### Material for the task

BEGIN

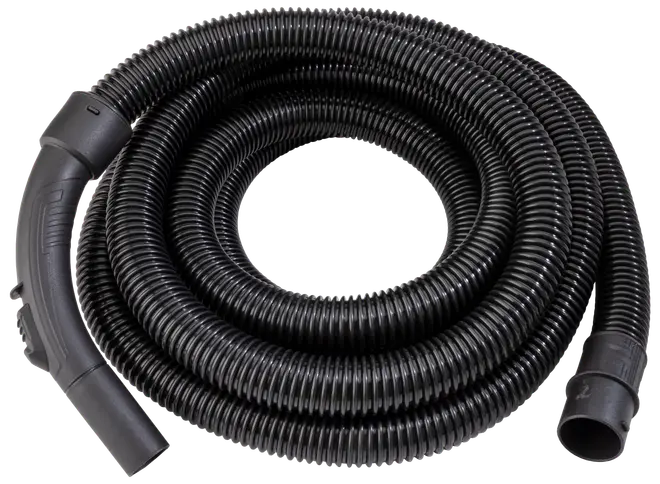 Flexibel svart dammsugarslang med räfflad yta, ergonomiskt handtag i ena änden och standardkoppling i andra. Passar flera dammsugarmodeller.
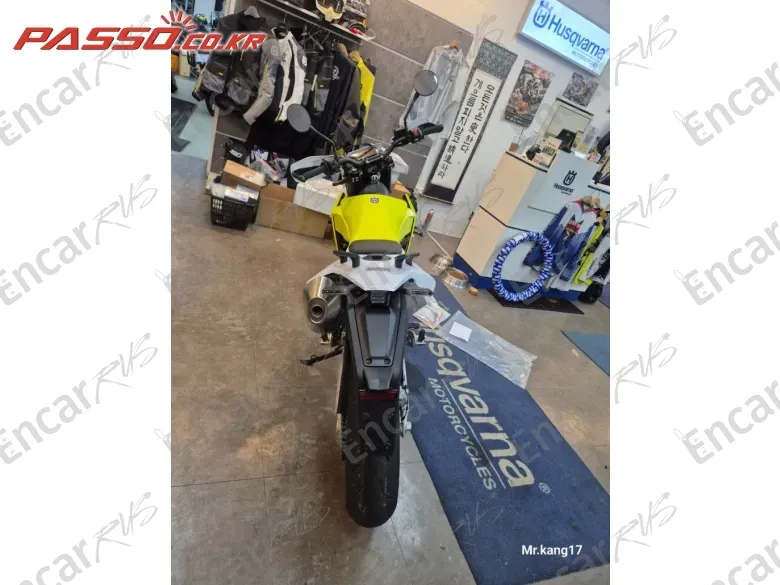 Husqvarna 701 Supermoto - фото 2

END
BEGIN

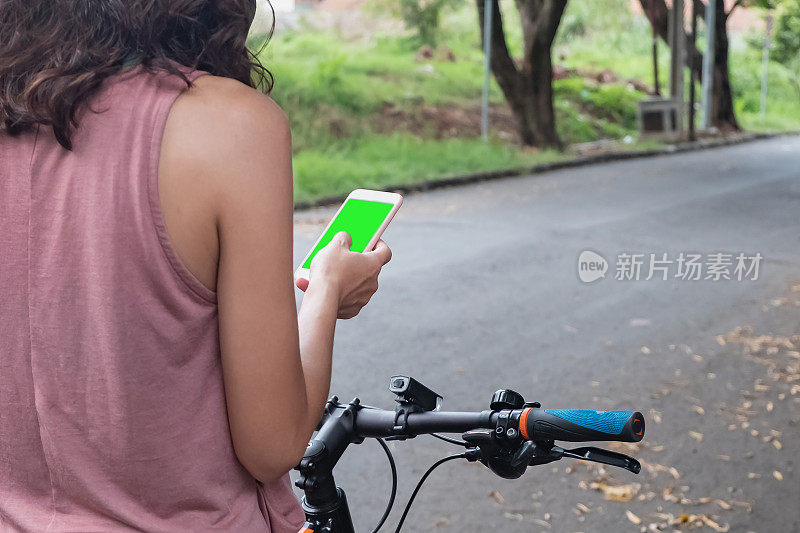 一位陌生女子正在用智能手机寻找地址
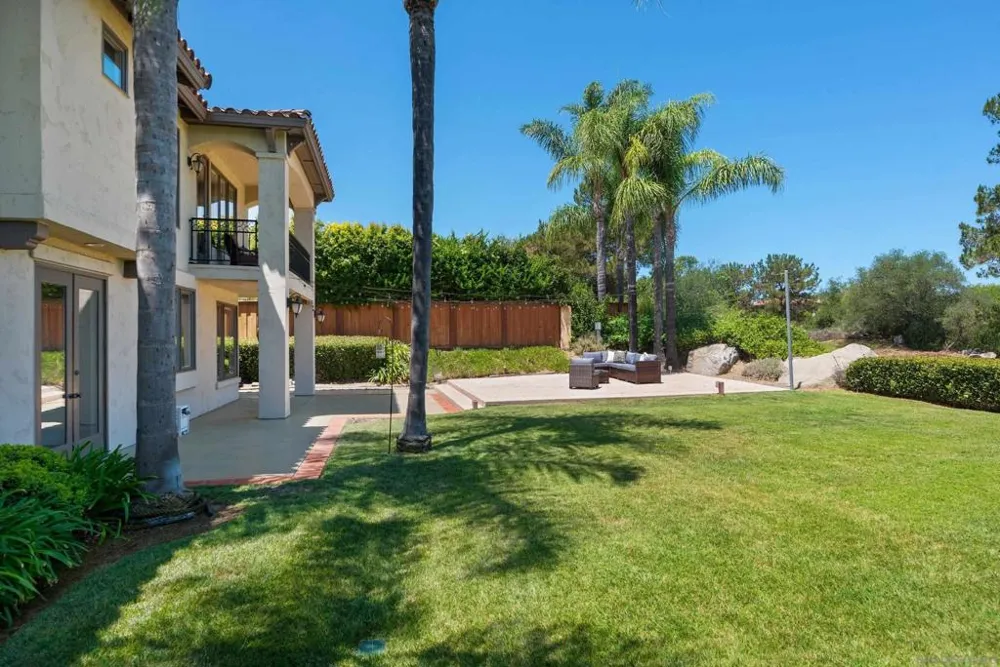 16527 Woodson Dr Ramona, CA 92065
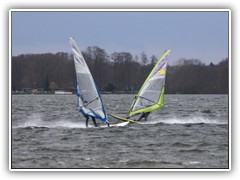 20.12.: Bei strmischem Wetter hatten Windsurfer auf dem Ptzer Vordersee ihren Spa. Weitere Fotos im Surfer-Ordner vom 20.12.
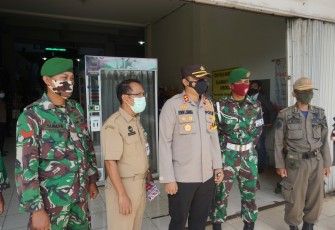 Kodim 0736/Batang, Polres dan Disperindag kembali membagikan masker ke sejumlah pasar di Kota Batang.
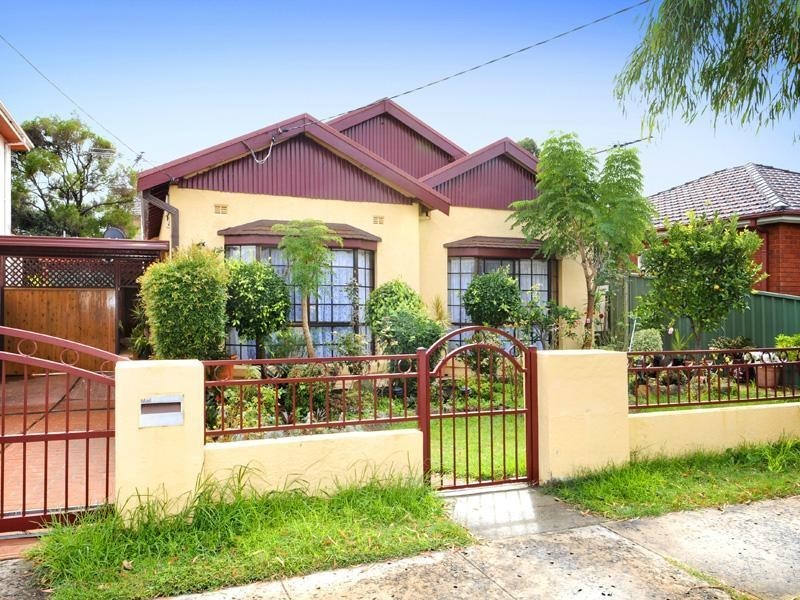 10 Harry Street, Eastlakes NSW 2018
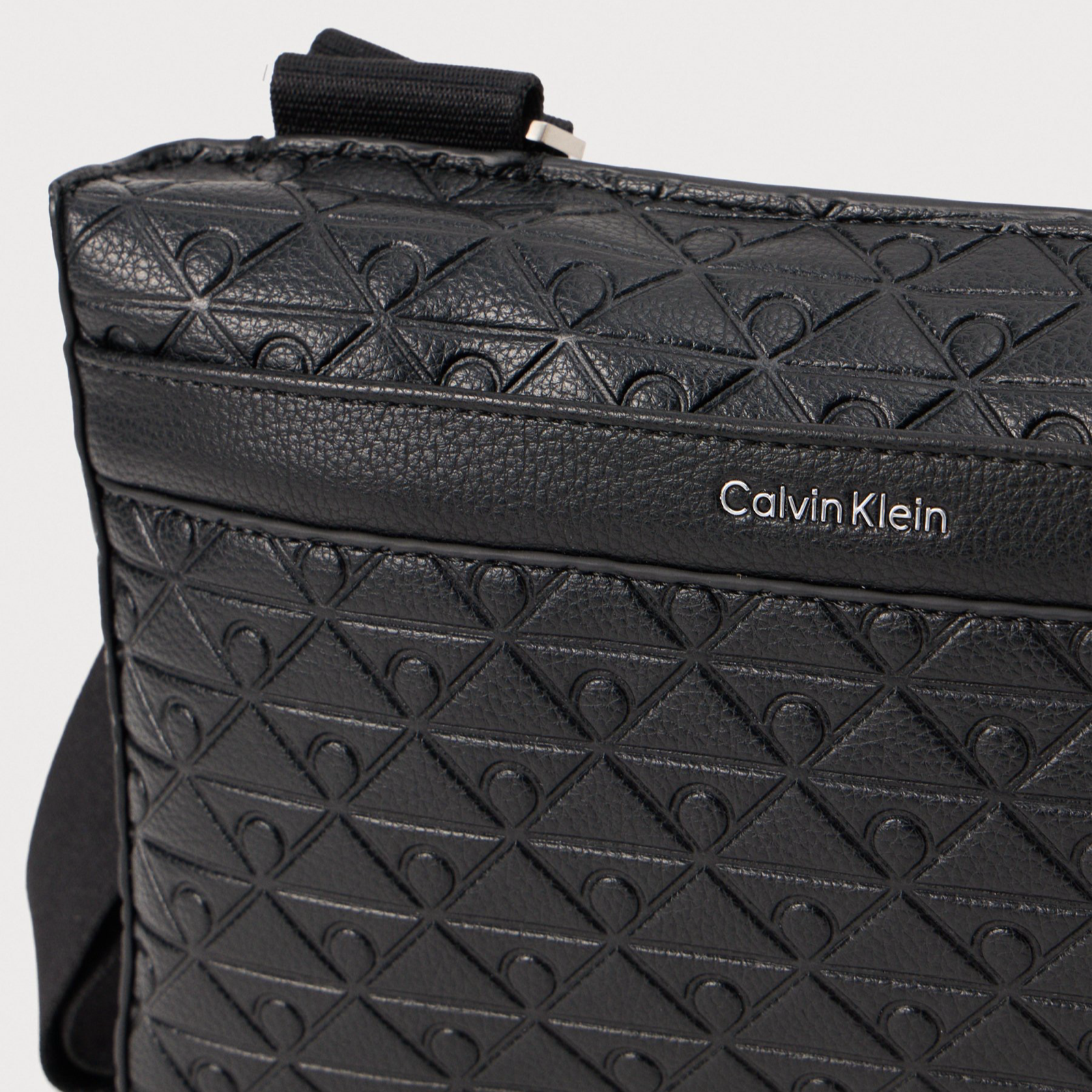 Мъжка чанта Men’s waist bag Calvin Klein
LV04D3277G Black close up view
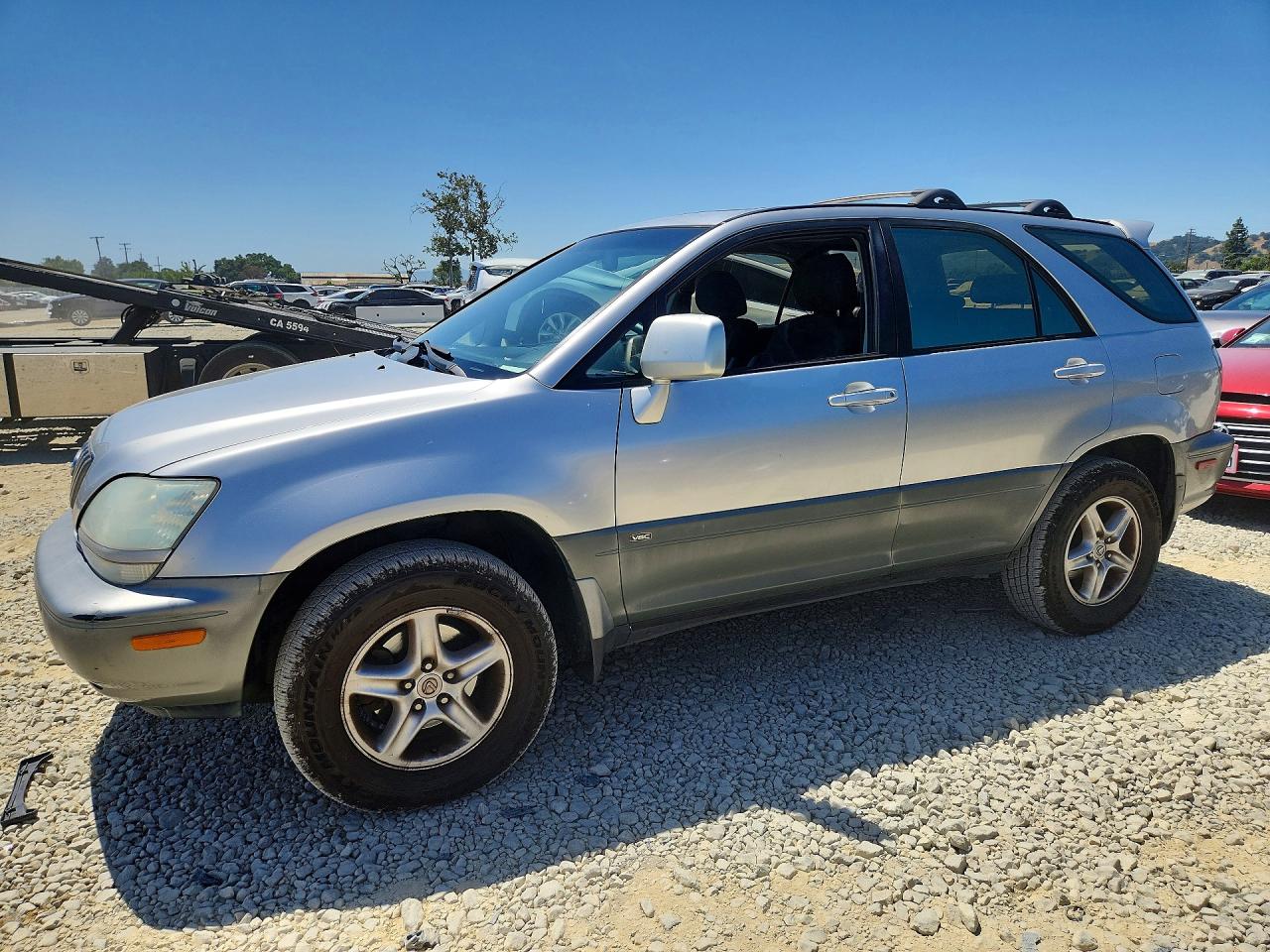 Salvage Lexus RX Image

END

### Requirement
Your task is to copy only the lines above starting at the one containing "Flexibel svart dammsugarslang" and ending at the one containing "Husqvarna 701 Supermoto - фото 2". Copy them exactly, both ends included, and omit the pictures.

### Task response
 Flexibel svart dammsugarslang med räfflad yta, ergonomiskt handtag i ena änden och standardkoppling i andra. Passar flera dammsugarmodeller.
 Husqvarna 701 Supermoto - фото 2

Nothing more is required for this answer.